More caution entered the market over the past several months due to the lower farm income expectations and because there began to be fewer potential buyers in most markets. Farmers remain the predominant buyers of good cropland, and competition is still there for the occasional farm that comes up for sale. The farmer buyer is more cautious in what they will pay as they take into account the current outlook for their income.
The buyer that may be missing more often than in the past is the investor buyer. The states that normally see investment funds and institutional buyers are now seeing them sit out as they are less willing to pay the same prices as farmers for a specific tract of farmland. Individual investors may also slow their interest in farmland as alternative investments start to look better because of higher interest rates paid on safe investments such as CDs or high-grade bonds.
One of the first indicators of the farmland market taking a pause or softening is that the demand for lower-quality land falls off. If a farm has a blemish, such as it needs conservation work, drainage improvements, or just a general cleanup of appearance, the farmer buyer might not be as interested as in the past. A lower-quality farm with lower productivity becomes less attractive as farm income expectations fall. With the current uncertainty in the outlook for farm income, a farmer buyer will save their finances for a good quality farm.

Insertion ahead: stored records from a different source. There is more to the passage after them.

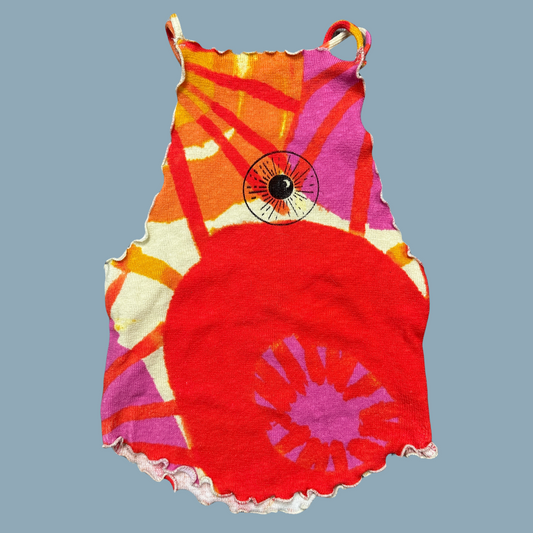 orange, pink, red, and yellow sunset pattern high neck tank top with an open back with the Night Sk(eye) design on the front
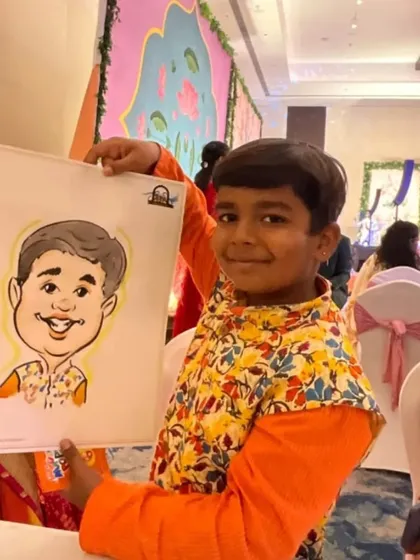 Another happy young customer with his colorful caricature, a perfect keepsake from a fun day.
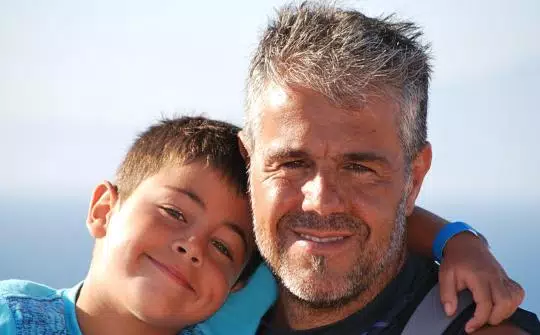 Un niño posa en una fotografía con su padre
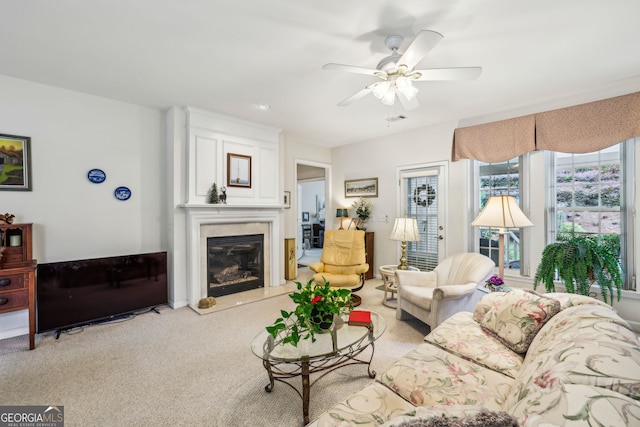 5105 Kings Common Way, Cumming, GA 30040 - living area featuring a fireplace, carpet, and ceiling fan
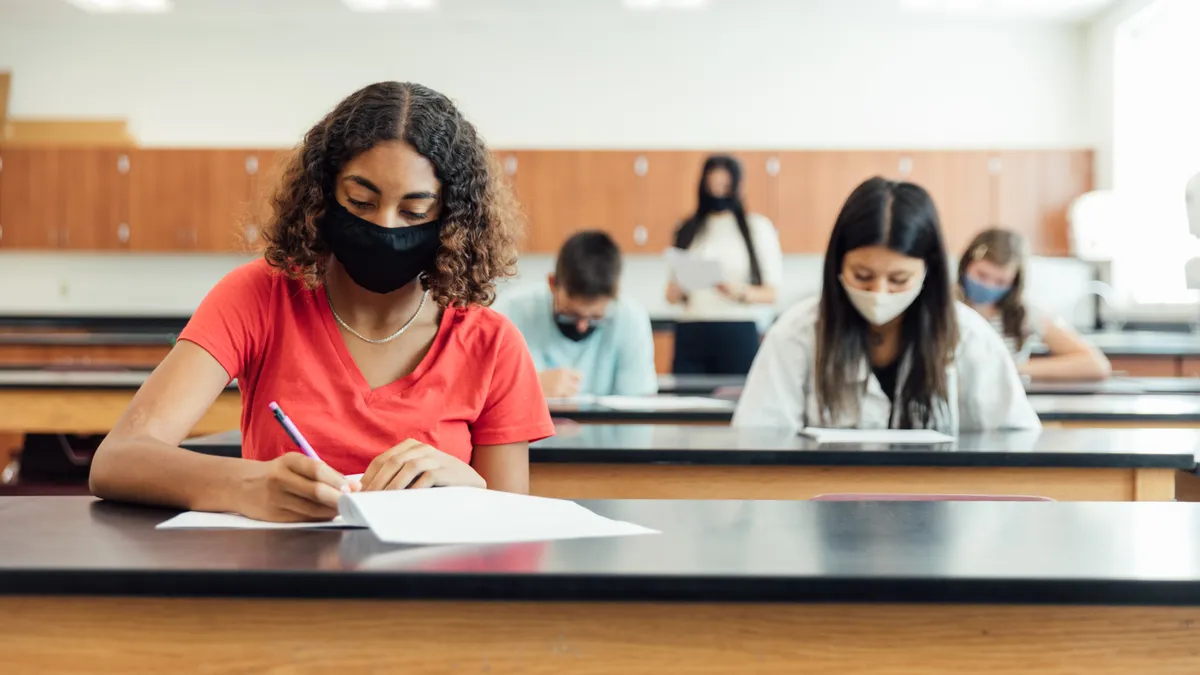 High school students and teenagers go back to school in the classroom at their high school. They are required to wear face masks and practice social distancing during the COVID-19 pandemic.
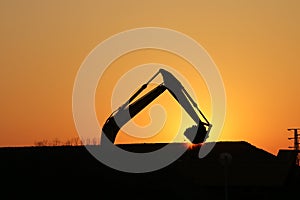 Excavator on construction site silhouette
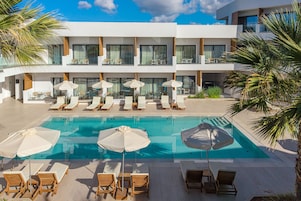 A modern hotel with a pool area, multiple lounge chairs, and umbrellas.
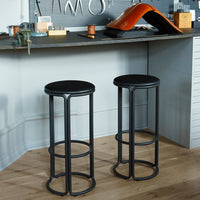 "Black metal bar stools with round seats and a minimalist design, set against a light wooden floor and textured background."
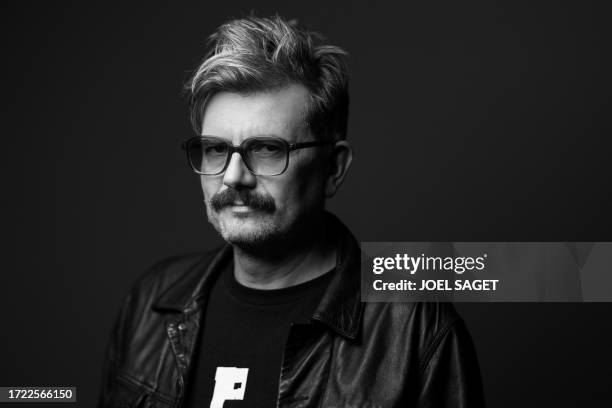 French cartoonist known by his pen name Luz, former contributor to the satirical magazine Charlie Hebdo, poses during a photo session in Paris on...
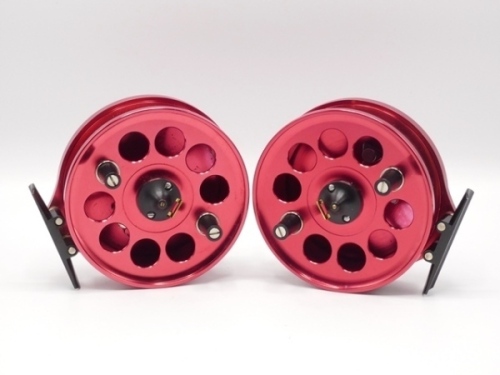 A pair of Browning 4" centre pin reels, red anodised finish, shallow cored drum with twin composition handles and spring latch, stancheon foot, rear sliding optional check button and bar spring check mechanism, one un-named, both in little used condition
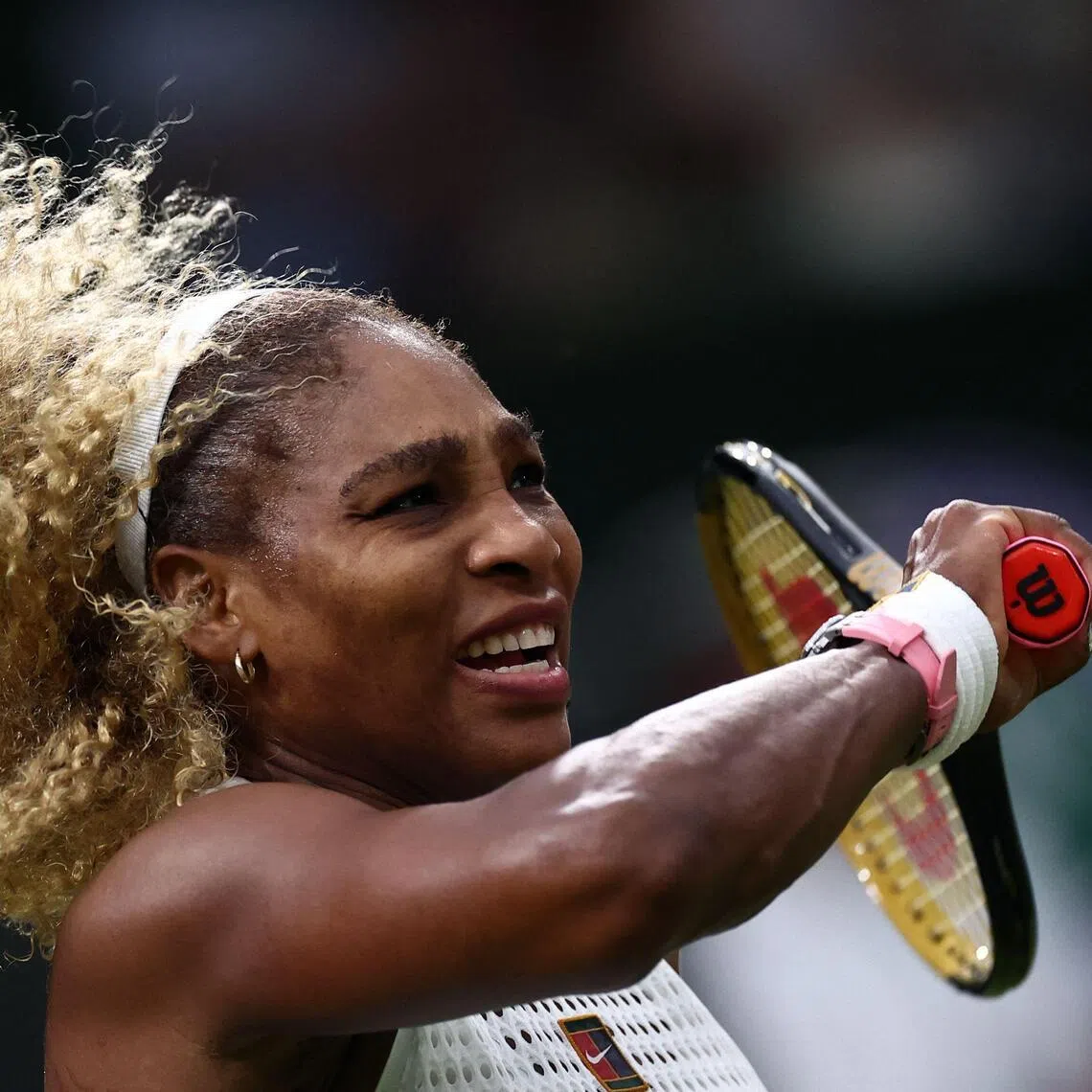 US player Serena Williams returns the ball to Australia's Maya Joint during their women's singles first round tennis match on the second day of the 2026 Wimbledon Championships at The All England Lawn Tennis and Croquet Club in Wimbledon, southwest London, on June 30, 2026. (Photo by HENRY NICHOLLS / AFP) / RESTRICTED TO EDITORIAL USE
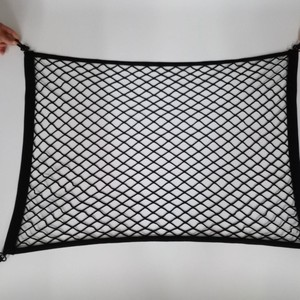 Filet de rangement double couche en polyester pour coffre de voiture, idéal pour l'organisation automobile et la maison - Product Image 1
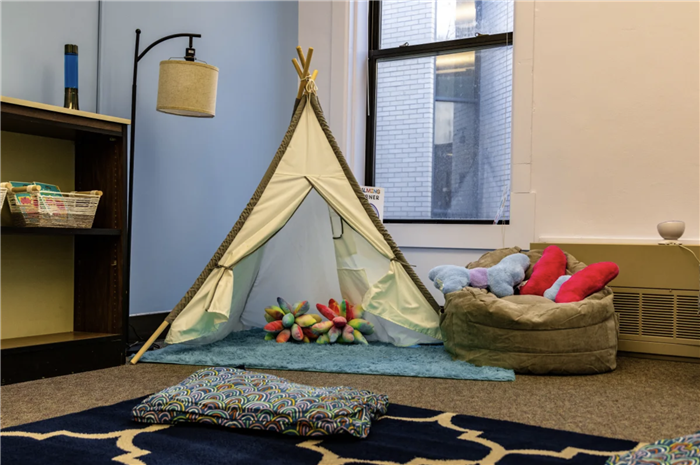 A teepee in the Woodland Hills calming space.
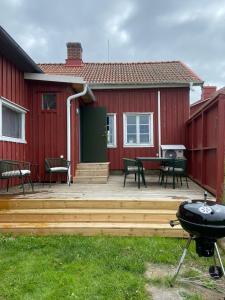 a backyard patio with a bbq and a house at Gårdshus på Kilagårds Gröna in Heberg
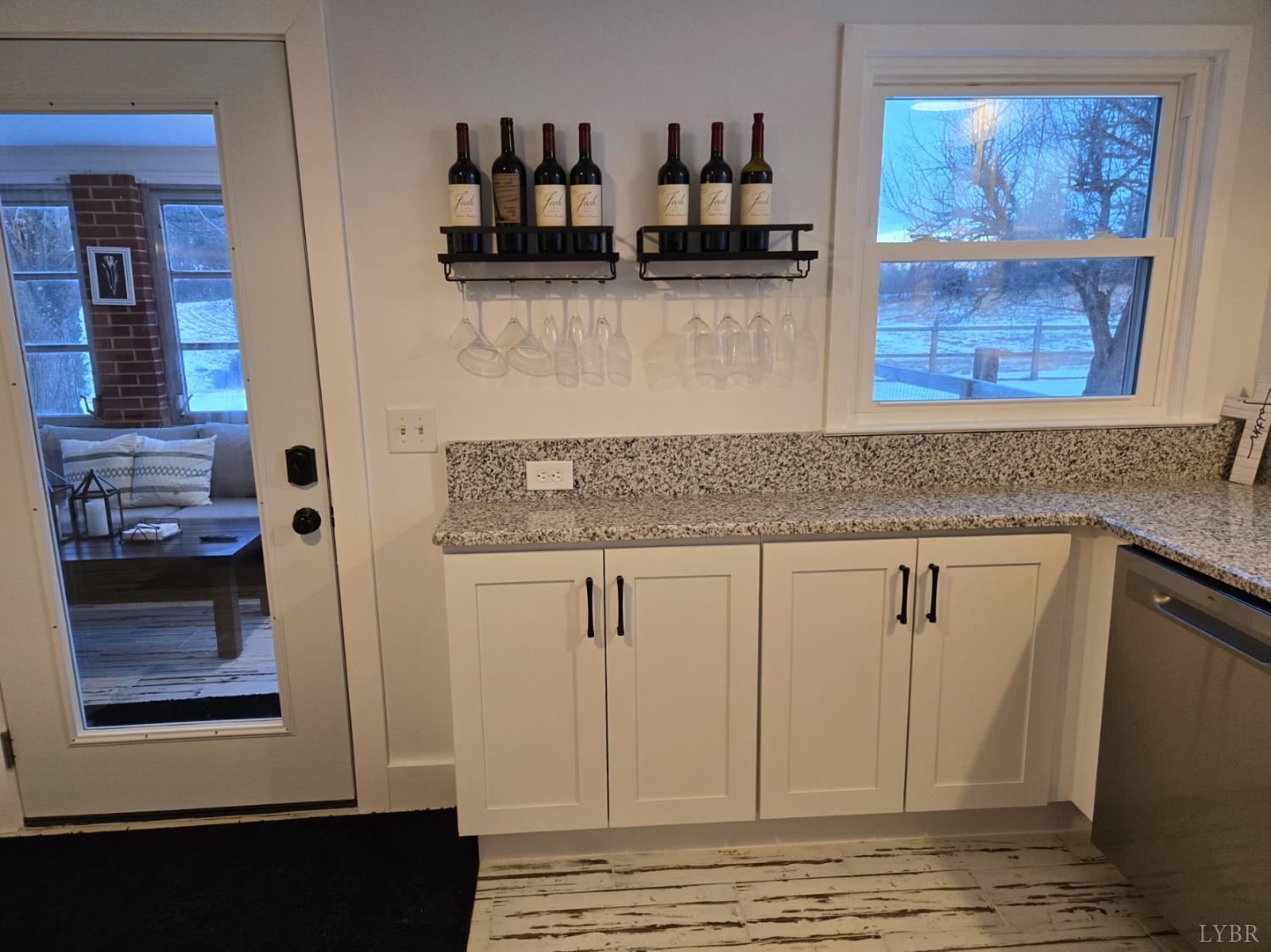4015 White House Road Moneta, VA 24121 - Photo 18 of 35 a view of kitchen with granite countertop cabinets and a wooden floor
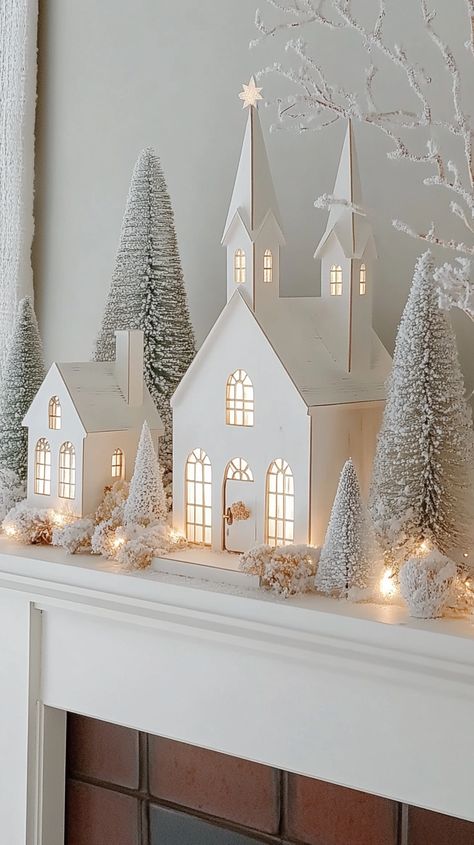 Scandinavian-style white wooden Christmas village with lighted windows, church, and trees on a fireplace shelf. White And Gold Christmas Village, White House Christmas Village, All White Christmas Village, Modern Christmas Village Display, White Ceramic Houses Christmas, White Christmas Village Display, Scandinavian Christmas Decor Ideas, White Ceramic Houses, Wooden Christmas Village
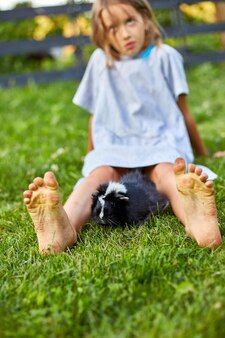 Mała dziewczynka bawi się czarną świnką morską siedzącą na zewnątrz latem, świnka morska perkal pasie się na trawie na podwórku właściciela, kochają zwierzęta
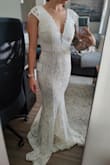 Absolutely love this dress for my big day! I like that it looks beautiful but isn't extremely heavy with details. I am gonna have my seamstress hem it and add pads because my chest runs a lil small (34 B) other than that everything about this dress is great. It's so comfortable and I'll definitely be able to wear it all day long without getting uncomfortable - Angela M.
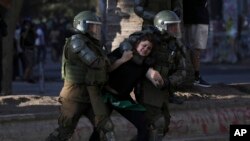 Oficiales de la policía detienen a un manifestante durante una protesta en Santiago, Chile, el sábado 7 de diciembre de 2019.
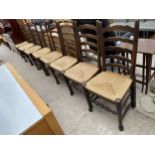 A SET OF EIGHT LANCASHIRE STYLE LADDER BACK DINING CHAIRS WITH RUSH SEATS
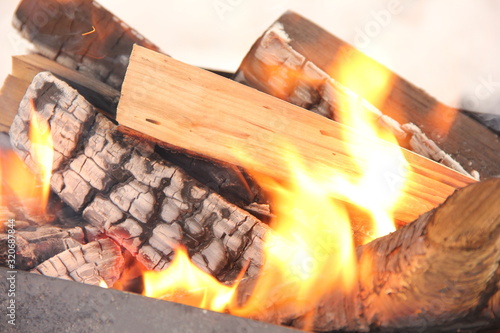 log in the flames. burning fire in the grill is large. 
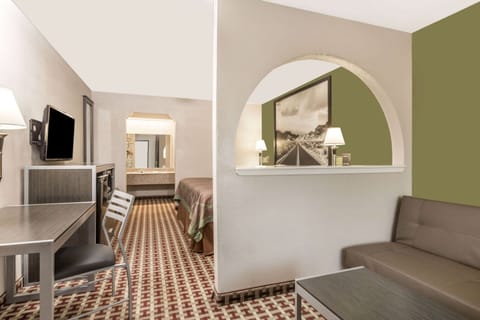 Suite, 1 King Bed, Smoking (Mini-Suite, First Floor) | Premium bedding, down comforters, pillowtop beds, desk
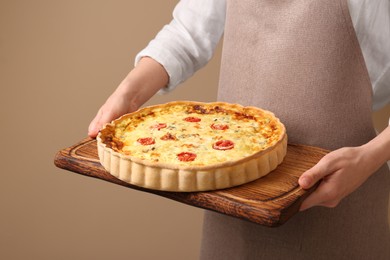 Photo of Woman with delicious homemade cheese quiche on beige background, closeup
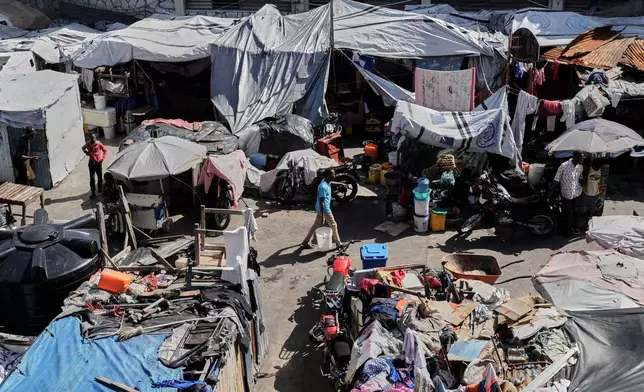 A man carries a buckets of water where families displaced by gang violence are living in Port-au-Prince, Haiti, Wednesday, Aug. 12, 2026. (AP Photo/Odelyn Joseph)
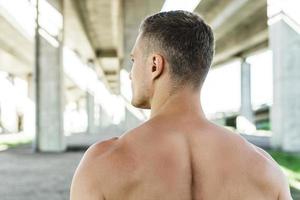 homem musculoso debaixo de uma ponte durante seu treino de rua fitness foto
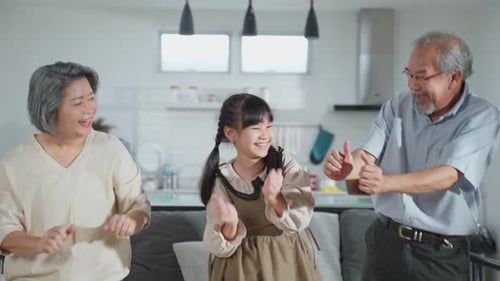 Grandmother, Child, and Grandfather Dancing Happily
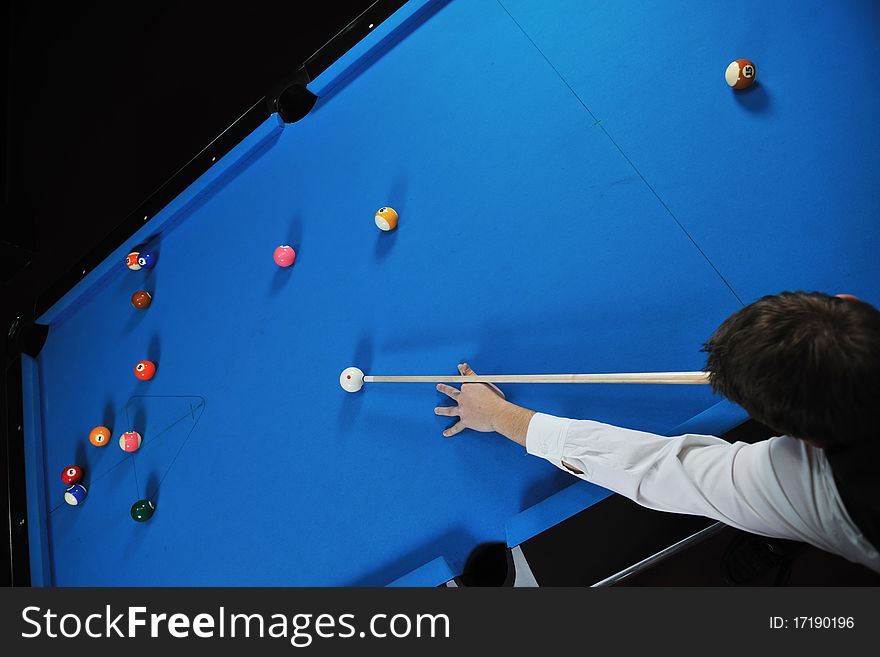 Young pro billiard player finding best solution and right angle at billard or snooker pool sport game. Young pro billiard player finding best solution and right angle at billard or snooker pool sport game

Another indicator of a slower and softening land market is the occurrence of “no sale” auctions in which the bidding during the auction does not produce an acceptable price for the seller. During a strong and active farmland market, few – if any – “no sale” outcomes occur. Once buying interest becomes more cautious and there are fewer potential buyers, “no sales” can happen. “No sales” can also happen when the seller’s expectation of an acceptable sale price is not in sync with the type of land being sold and the current market prices.
Table 1 summarizes recent farmland reports. While each survey considers a different timeframe, geography, and method, this table hopefully provides some of the context and details. Across the board, values have continued higher, albeit at rates lower than reported a year ago. Of course, activity in early 2023 will take several months to incorporate into reports. Looking ahead, we’re waiting for Purdue’s annual farmland and cash rent report, data from the Kansas City and Chicago Federal Reserve, along with the USDA’s annual reports.
Despite evidence of a slower farmland market, most areas continued to see good demand for high-quality cropland and prices that generally remained strong. No new records, but still solid prices as experienced over the past year. More variability is showing up in prices being paid for similar quality land where one farm may bring a strong price and one may not sell as high. Local factors will continue to influence land prices.
Looking ahead to the pre-harvest sale season, there may be a shift away from auctions to more private treaty listings of land for sale. In a slower market with fewer potential buyers who are not as aggressive, listing the farm for sale may be a better way to control price discovery than a public auction – especially for land that is lower quality or has a blemish.
The next five months will determine if the land market is transitioning to a lower level because of all the influencing factors present or if it is just a pause in the long-term growth in demand and price.